##### RECORD EXCERPTS #####

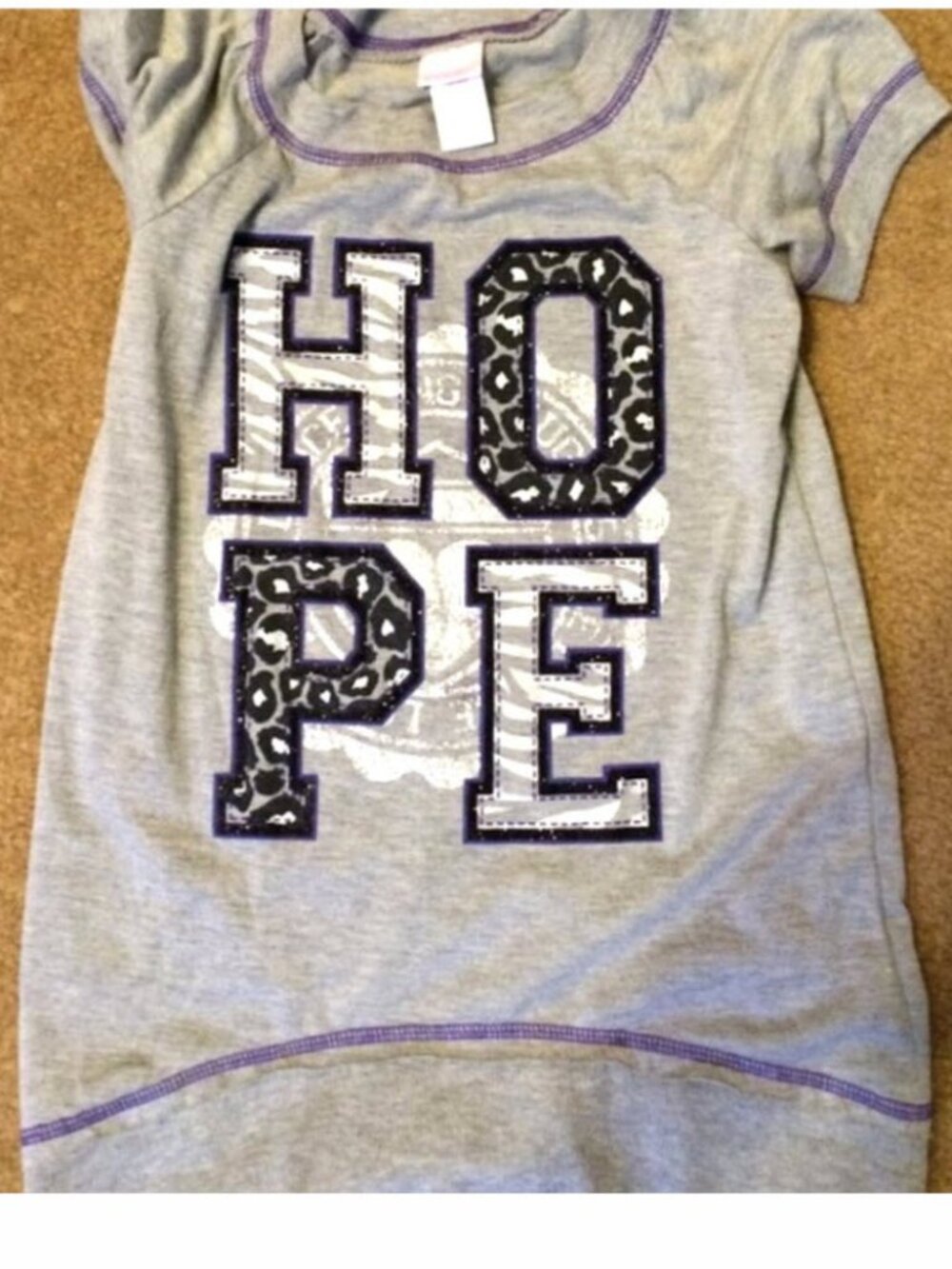 KIDS Xhilaration Gray HOPE Shirt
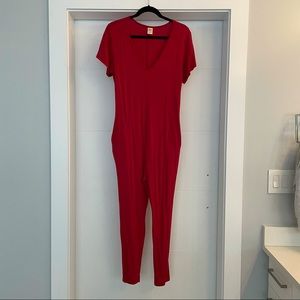 Smash + Tess x Jillian Harris Red Sunday romper XS from original jilly box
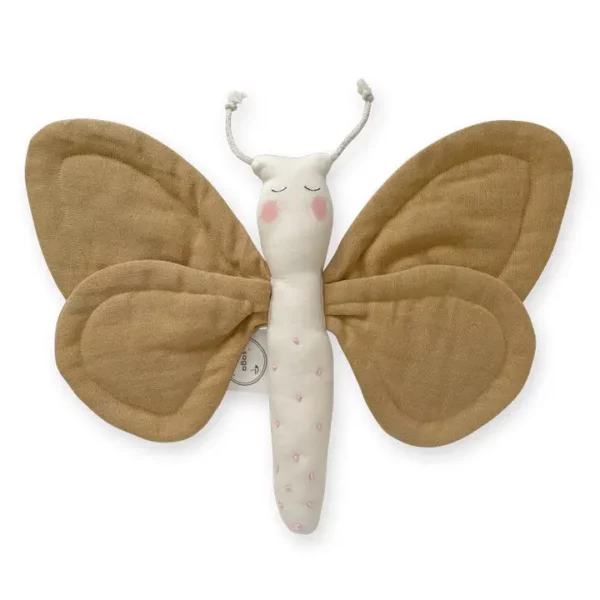 Jouet papillon Saga Copenhagen couleur miel
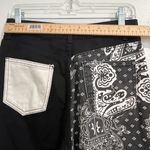 SheIn Black Straight Leg Patchwork Jeans Sz. 4 Photo 4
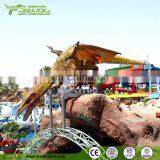 Outdoor Decoration Attractive Life Size Animatronic Silicon Dragon thumbnail-4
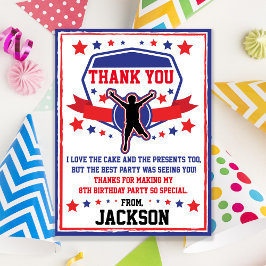 Ninja Warrior Birthday Dankeschön Karte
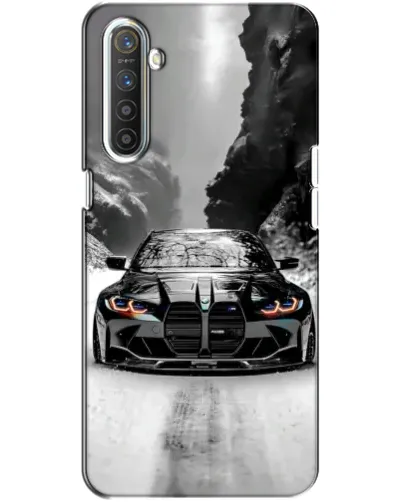 Чехол для Realme XT с картинкой «BMW — акварельный дрифт» Чехол для Realme XT с картинкой «BMW — акварельный дрифт»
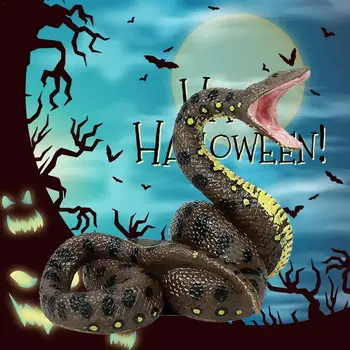 Garden Props Safe Prank Reptile Giant Python Tricky Realistic Children Lifelike Snake Model Halloween Toy Gift PVC Simulati Y3G3
Garden Props Safe Prank Reptile Giant Python Tricky Realistic Children Lifelike Snake Model Halloween Toy Gift PVC Simulati Y3G3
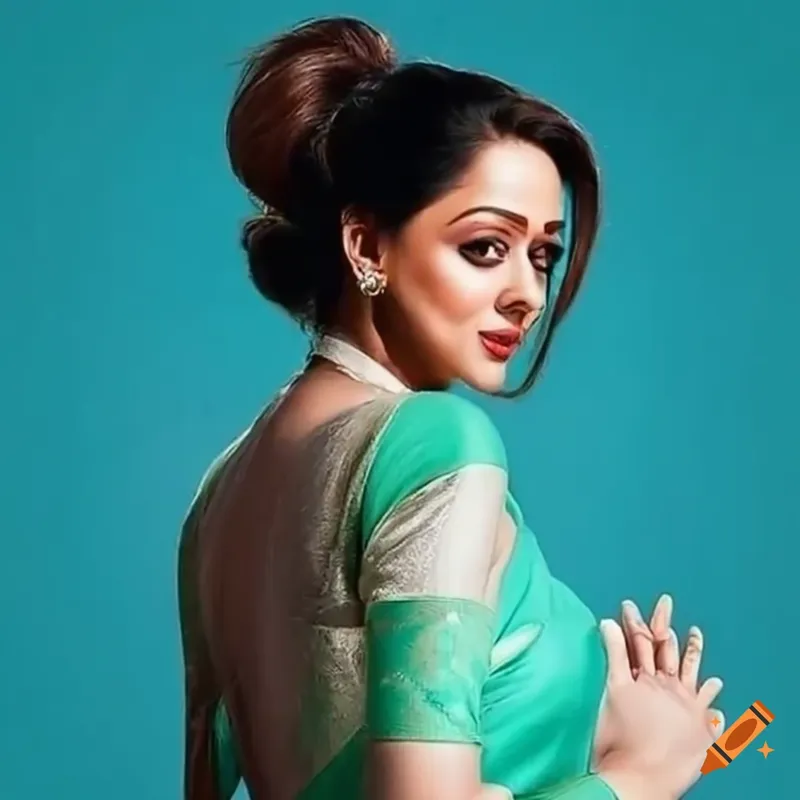 Image Hema Malini image beautiful image beautiful - Bollywood actress hema malini with a beautiful simple messy bun ...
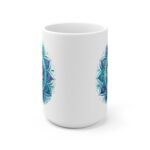 "Personalisierte Aquarell Mandala Tasse - Perfektes Geschenk für Kaffeeliebhaber"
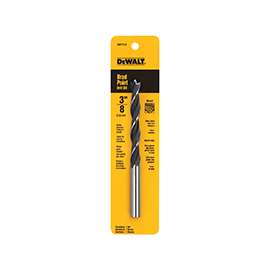 DeWALT DW1710 Wood Bit Drill Bit, Twist Flute, 3-1/2 in L Flute, Straight Shank, 3/8 in Dia Shank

#####

→ **DESCRIPTION OF THE TASK**:
Your reply should hold only the records, duplicated exactly, without any image.

→ **OUTPUT FOR THIS EXERCISE**:
 KIDS Xhilaration Gray HOPE Shirt
 Smash + Tess x Jillian Harris Red Sunday romper XS from original jilly box
 Jouet papillon Saga Copenhagen couleur miel
 SheIn Black Straight Leg Patchwork Jeans Sz. 4 Photo 4
 Outdoor Decoration Attractive Life Size Animatronic Silicon Dragon thumbnail-4
 Ninja Warrior Birthday Dankeschön Karte
 Чехол для Realme XT с картинкой «BMW — акварельный дрифт» Чехол для Realme XT с картинкой «BMW — акварельный дрифт»
 Garden Props Safe Prank Reptile Giant Python Tricky Realistic Children Lifelike Snake Model Halloween Toy Gift PVC Simulati Y3G3
Garden Props Safe Prank Reptile Giant Python Tricky Realistic Children Lifelike Snake Model Halloween Toy Gift PVC Simulati Y3G3
 Image Hema Malini image beautiful image beautiful - Bollywood actress hema malini with a beautiful simple messy bun ...
 "Personalisierte Aquarell Mandala Tasse - Perfektes Geschenk für Kaffeeliebhaber"
 DeWALT DW1710 Wood Bit Drill Bit, Twist Flute, 3-1/2 in L Flute, Straight Shank, 3/8 in Dia Shank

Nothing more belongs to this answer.